But an alternative, equally attractive, has been ignored. Imagine small machines fabricating small elements at kilocycle rates. (The speed of small
mechanical devices is extremely high.) Again, one can hope to make thousands of elements per second. But the generality of the mechanical
approach is much greater since there are many structures that do not lend themselves easily to laminar mask construction”[118]. One wonders
whether Feynman and Minsky had previously read Robert A. Heinlein's short story “Waldo”, which introduces this idea (it was published in the
August 1942 issue of “Astounding” magazine under the pseudonym Anson MacDonald).
Here we find the germ of the idea of the assembler, a concept later elaborated by Eric Drexler. The assembler is a universal nanoscale assembling
machine, capable not only of making nanostructured materials, but also other machines (including copies of itself). The first assembler would have
to be laboriously built atom-by-atom, but once it was working numbers could evidently grow exponentially, and when a large number became
available, universal manufacturing capability, hence the nano-era, would have truly arrived (see also Chapter 8).
However, the idea of a minute device intervening at the level of elementary particles was conceived almost a hundred years earlier by James Clerk
Maxwell when he conceived his “demon” for selectively allowing molecules to pass through a door, thereby entangling physics with information.
Perhaps Maxwell should be considered as the real father of nanotechnology. The demon was described in Maxwell's Theory of Heat first published
in 1871, but had already been mentioned in earlier correspondence of his.
1.3.1. Ultraprecision Engineering
It could well be said that the history of technological advance is the history of ever finer tolerances in machining metals and other materials. A
classic example is the steam engine: James Watt's high-pressure machine that paved the way for the technology to move from a cumbersome and
rather inefficient means of pumping water out of mines to an industrially useful and even self-propelling technology was only possible once
machining tolerance had improved to enable pistons to slide within cylinders without leaking.

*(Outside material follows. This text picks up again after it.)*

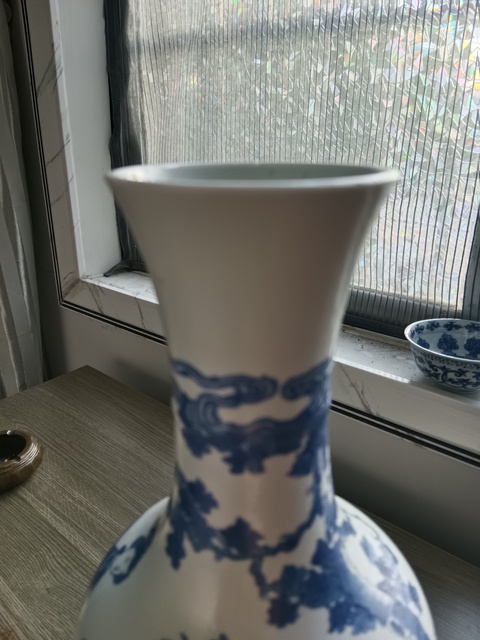 古玩陶瓷青花瓶真品鑒賞圖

An approach to the nanoscale seemingly quite different from the Heinlein–Feynman–Minsky–Drexler vision of assemblers starts from the
microscopic world of precision engineering, progressively scaling down to ultraprecision engineering (Figure 1.2). The word “nanotechnology” was
itself coined by Norio Taniguchi in 1974 to describe the lower limit of this process [159]. He referred to “atomic bit machining”.